Prophecy was a monster movie designed to tap into the new fad for Animals Amok films that was the latest big thing following the success of Steven Spielbergs Jaws (1975). It had a good many elements that should have made it a classic John Frankenheimer as director, screenwriter David Seltzer who was a hot name coming just after the massive hit of The Omen (1976). Instead, Prophecy proved to be a complete flop.
David Seltzer is a screenwriter see below for his other genre works who frequently obsesses over the socially apocalyptic in particular, the Biblical End Times prophecies that play out in works like The Omen and The Omen (2006), The Eighteenth Angel (1998) and Revelations (tv mini-series, 2005), or of nature amok as we see here and in his first film, the mockumentary The Hellstrom Chronicle (1971). Prophecy taps into a pile of burgeoning 1970s environmental concerns. In fact, David Seltzer has taken the basics of Prophecy from a real-life apocalypse the environmental disaster in the Japanese city of Minimata, which came to light in 1958 where it was discovered that mercury waste being dumped into a nearby river from a chemical plant had caused severe mutations and neurological degenerations among the locals. The effects of this consisted of loss of muscular control, vision and hearing, followed eventually by insanity and paralysis. Prophecy, with typical monster movie alarmism, promptly has this put to creating giant sized and rampaging wildlife, whereas in real life mercury poisoning would tend to render the victims helpless and unable to control their bodies. Certainly, Seltzers quoting of these scenes gives the film a level of real-world credibility that many other monster films lack.

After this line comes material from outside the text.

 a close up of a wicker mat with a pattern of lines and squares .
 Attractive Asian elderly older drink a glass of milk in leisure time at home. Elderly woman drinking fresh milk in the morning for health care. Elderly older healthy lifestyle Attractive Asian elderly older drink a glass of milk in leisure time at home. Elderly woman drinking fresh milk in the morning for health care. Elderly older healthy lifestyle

In the 1950s, when films like The Beast from 20,000 Fathoms (1953) and Godzilla, King of the Monsters (1954) added social commentary in the form of strident warnings about the A-bomb to tight, compact monster movies, they had a crazy integrity that came from the seat of the unconscious and would speak with fierce intensity. Despite a budget ten, often a hundred times, greater than these films ever had, Prophecy, in trying to get outraged about environmental issues, is no more than a monster movie that has just picked up a placard and joined the latest trendy protest march. Others of this era did this type of thing with amazing results, like Larry Cohen in Its Alive (1974), but here the results are incredibly heavy-handed. You can almost see Prophecy ticking liberal causes off on its fingers at times as the film opens, within a matter of two scenes it manages to introduce themes of Ghetto Landlords, Indian Land Rights, Black Poverty, Unwanted Pregnancy, Health Conditions of the Poor and Industrial Pollution. This is not a monster movie with a social conscience it is a turkey with over-inflated pretensions to message making.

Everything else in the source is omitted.